Last autumn our court had to consider the grounds upon which evidence of fresh complaint by a ravished woman is admitted as part of the government's case in an indictment for rape. All agree that it is an exception to the ordinary rules of evidence to allow a witness to be corroborated by proof that he has said the same thing elsewhere when not under oath, except possibly by way of rebuttal under extraordinary circumstances. But there is the exception, almost as well settled as the rule, and courts and lawyers finding the law to be established proceed to account for it by consulting their wits.
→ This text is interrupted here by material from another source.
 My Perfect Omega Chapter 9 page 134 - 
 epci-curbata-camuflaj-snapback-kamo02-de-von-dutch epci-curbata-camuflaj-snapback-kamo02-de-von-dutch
We are told that the outrage is so great that there is a natural presumption that a virtuous woman would disclose it at the first suitable opportunity. I confess that I should think this was about the last crime in which such a presumption could be made, and that it was far more likely that a man who had had his pocket picked or who had been the victim of an attempt to murder would speak of it, than that a sensitive woman would disclose such a horror. If we look into history no further than Hale's "Pleas of the Crown," where we first find the doctrine, we get the real reason and the simple truth. In an appeal of rape the first step was for the woman to raise hue and cry. Lord Hale, after stating that fact, goes on to say that upon an indictment for the same offence the woman can testify, and that her testimony will be corroborated if she made fresh complaint and pursued the offender. That is the hue and cry over again. At that time there were few rules of evidence. Later our laws of evidence were systematized and developed. But the authority of Lord Hale has caused his dictum to survive as law in the particular case, while the principle upon which it would have to be justified has been destroyed. The exception in other words is a pure survival, having nothing or very little to back it except that the practice is established.[1]

In a somewhat earlier case[2] I tried to show that the doctrine of trespass ab initio in like manner was the survival in a particular class of cases of a primitive rule of evidence, which established intent by a presumption of law from subsequent conduct, after the rule had gone to pieces and had been forgotten as a whole. Since that decision Professor Ames has made some suggestions which may or may not modify or enlarge the view which I took, but

  1. Commonwealth v. Cleary, 172 Mass. 172.
  2. Commonwealth v. Rubin, 165 Mass. 453.